Bringing Out a Bit of Radicchio’s Sweetness
At our house, pasta of some sort is on the menu at least once a week. I would say it is among my favorite foods — easy to prepare, fun to eat and unbelievably versatile.
Pasta can lean in so many directions. Depending on a cook’s mood or inclination, it may be a complex endeavor or a casual no-nonsense affair. If time is short or shopping is not a possibility, it can be very simple indeed, quick to assemble and on the table in a jiffy.
In fact, sometimes the most elemental pasta dishes are the most satisfying. I never tire of spaghetti dressed in a sauce of olive oil, garlic and flaked red pepper, sizzled briefly, with or without a bit of anchovy. Linguine tossed with a quickly made plain tomato sauce is sheer comfort food.
Of course, I’m talking here about dried pasta, the kind that comes in every imaginable shape and size. (Fresh egg pasta is another story altogether.) With dried pasta in the pantry, one never goes hungry. The variations are endlessly interesting.

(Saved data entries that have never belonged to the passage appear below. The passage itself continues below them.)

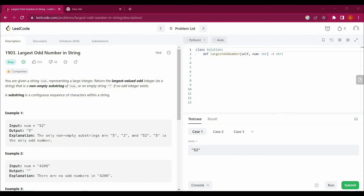Hello guys, my name is Asalan, welcome back to my channel. Today we are going to solve a new LeetCode question: Largest Odd Number in a String. We will be solving this question with the help of Python.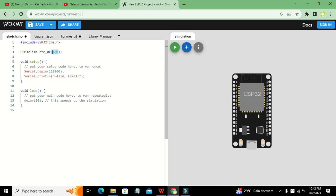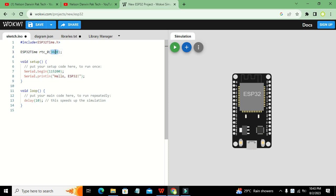We have written 3600 inside the brackets because 3600 represents one hour in seconds. We have to initialize our clock and give a certain number of seconds. We are going for GMT+1, which means time plus one hour, and that is why we have written 3600 seconds — because 3600 seconds equals one hour.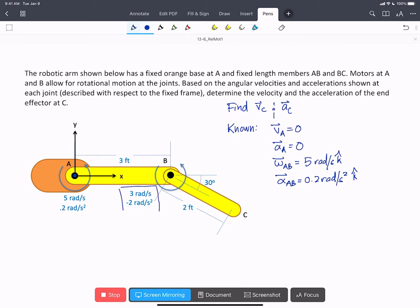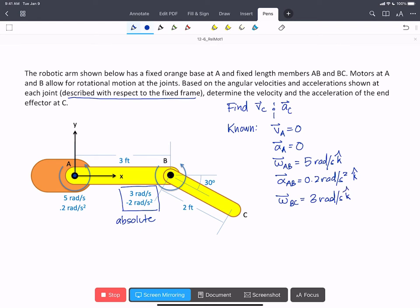Now for this other set of angular accelerations and angular velocities, we have to be careful to figure out whether they are absolute values — so an observer sitting on our fixed coordinate system at A would see this rotation of BC — or whether they're relative to the first arm AB. In this case, we're told in the problem they're described with respect to the fixed frame, so they are absolute values. So we can write that omega BC is 3 rad/s in the k-hat, and alpha BC is minus 2 rad/s² in the k-hat.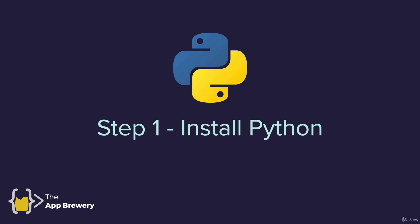So now you should have successfully installed Python onto your computer and we're ready to proceed to the next step. Head over to the next lesson and we're going to download and install PyCharm.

I usually like my pasta to be vegetable heavy, perhaps with just a bit of prosciutto or bacon. I want it to be a reflection of the season: peas and asparagus in the springtime; zucchini and green beans all summer long; saucy mushrooms in the fall.
In cold weather, my pastas often feature the radicchio family. Though radicchio and its chicory siblings are wonderful used raw in salads, they’re especially fine cooked and paired with pasta. The thing to watch out for, however, is that cooking radicchio can sometimes emphasize its innate bitterness.

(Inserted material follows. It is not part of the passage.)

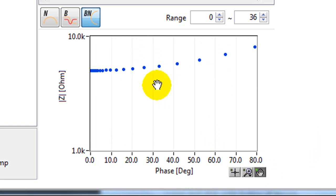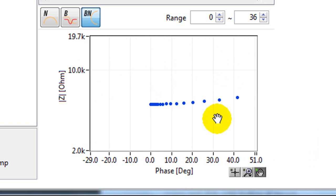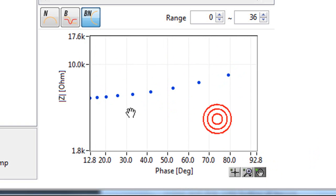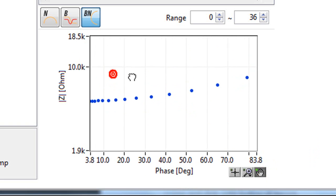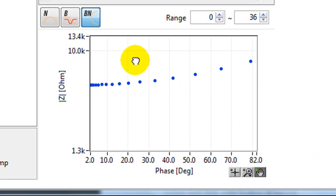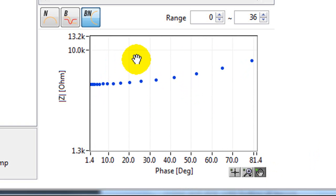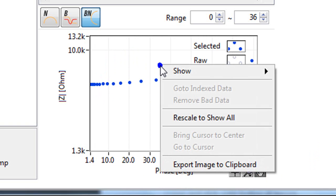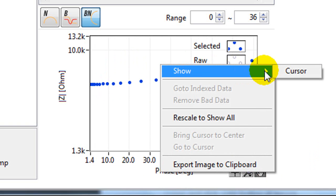If you select the hand, you can move your data around. If you right click, you can show the cursor.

I find that a char under the boiler or grilling shows off radicchio’s pleasantly bitter flavor to its best advantage. Enhanced and tamed with the sweetness of ricotta and toasted pecans, and paired with bacon and pecorino, the bitterness recedes.
Large, chewy tubular pastas, like rigatoni, ziti or paccheri, are the best choice for this hearty dish.
Use round radicchio di Chioggia (the most commonly available), long radicchio di Treviso or curly-fingered radicchio Tardivo. They all sport beautiful red and burgundy leaves. The color fades when they hit the heat, but for the sake of a stellar pasta, that’s a small sacrifice.